# someone plz help



## Guest (Oct 6, 2002)

I have a 1998 Nissan Altima GXE. What is the easiest way to add hp, and without tons of money. I'm looking for a 10-25HP boost. Can anyone direct me to some websites, or any products from personal experience?

Thanks,

Tony


----------



## Slurppie (Oct 15, 2002)

Depending on your budget, simple bolts on should eventually net you at least 10hp. Now days, just about every manufactorer supports 93-01 Altimas.
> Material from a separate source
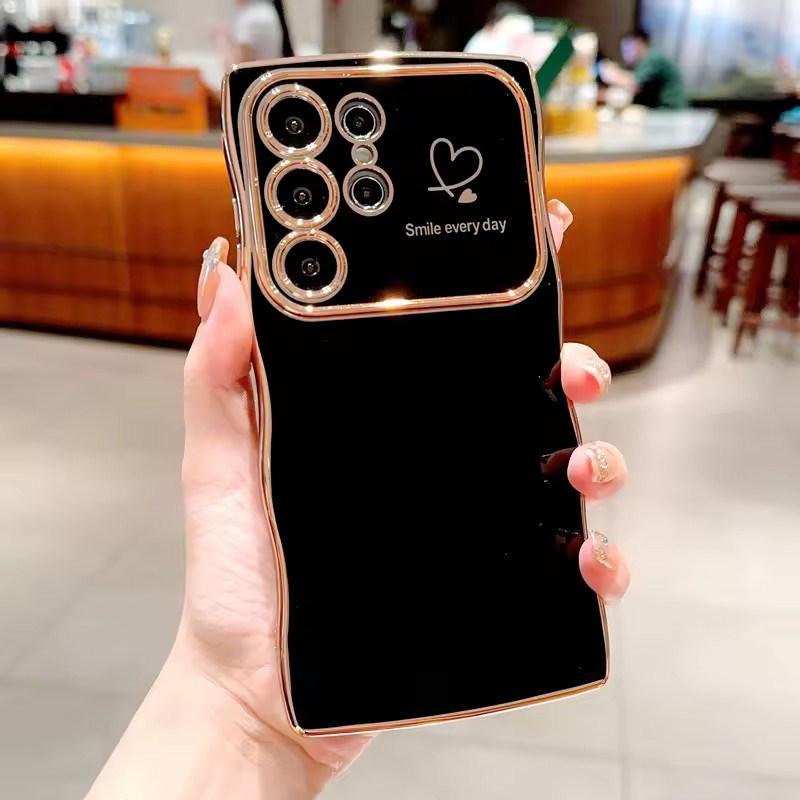 

Мягкий чехол из ТПУ с покрытием для Samsung Galaxy S25 S24 S23 S22 Ultra Plus S 24 23 FE S 25 Love Heart Cover Samsung S25 Ultra чёрный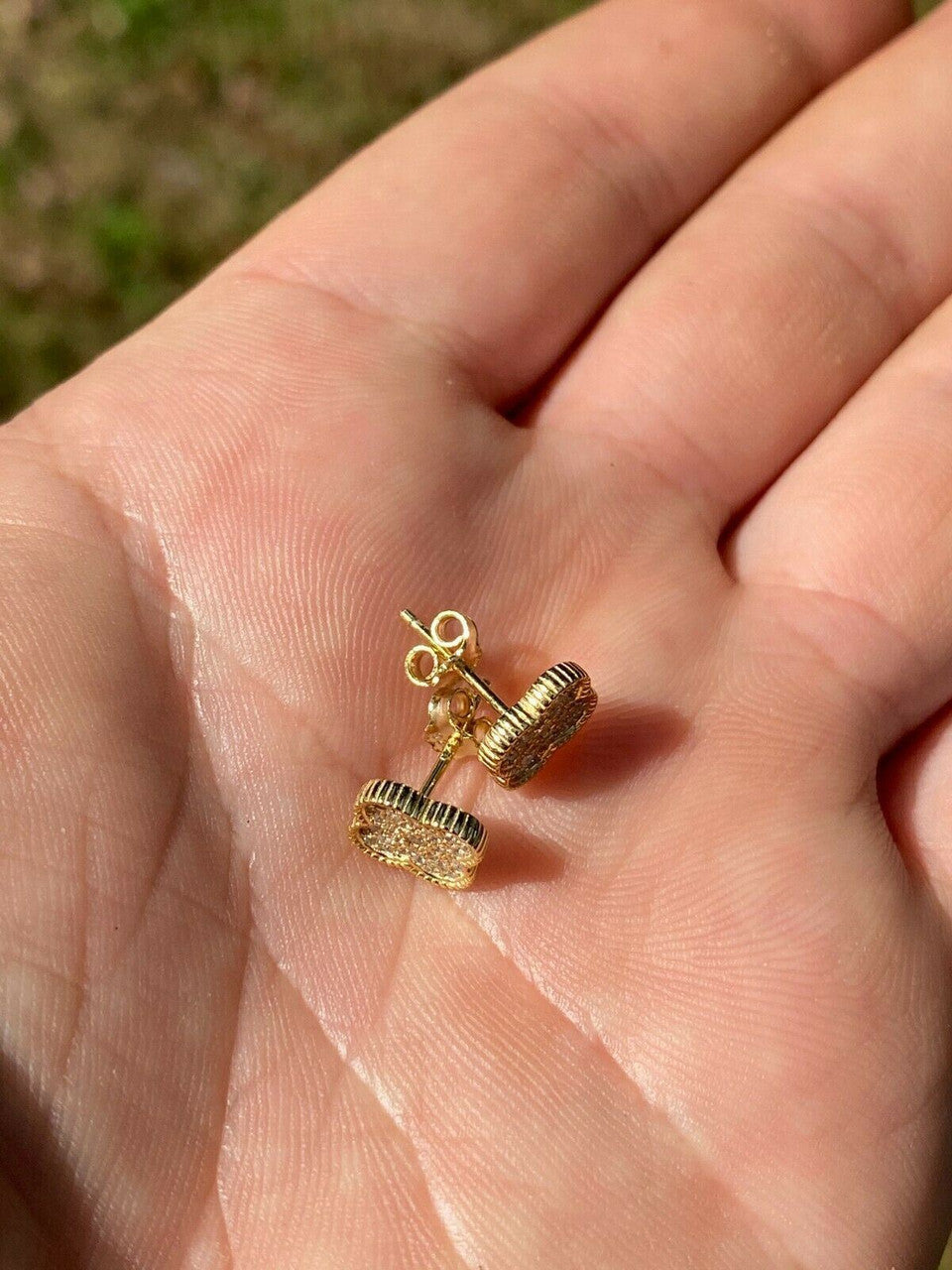 HarlemBling 14k Gold Over Real Solid 925 Sterling Silver Earrings Clover Flower Cross Studs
Maybe search using the keywords Nissan Altima Performance Products or variations of that and see what you find. Good Luck


----------



## 01LTD (Sep 28, 2002)

I'd go with a CAI by PlaceRacing. It should be about $210.


----------



## ALTYHOLIC (Oct 19, 2002)

01LTD said:


> *I'd go with a CAI by PlaceRacing. It should be about $210. *


Speaking from experience, eh?


----------



## 01LTD (Sep 28, 2002)

ALTYHOLIC said:


> *Speaking from experience, eh? *



Oh yeah.. Call me back. I'm bored.


----------



## ALTYHOLIC (Oct 19, 2002)

01LTD said:


> *Oh yeah.. Call me back. I'm bored. *


You've got mail!!!


----------



## 01LTD (Sep 28, 2002)

I got it.


----------



## Guest (Oct 21, 2002)

*YOU GUYS ROCK!*

THanks a ton guys!


----------



## Guest (Nov 14, 2002)

for more info, Altimas.net is your best bet, but i like this site.

brings the nissans together.


----------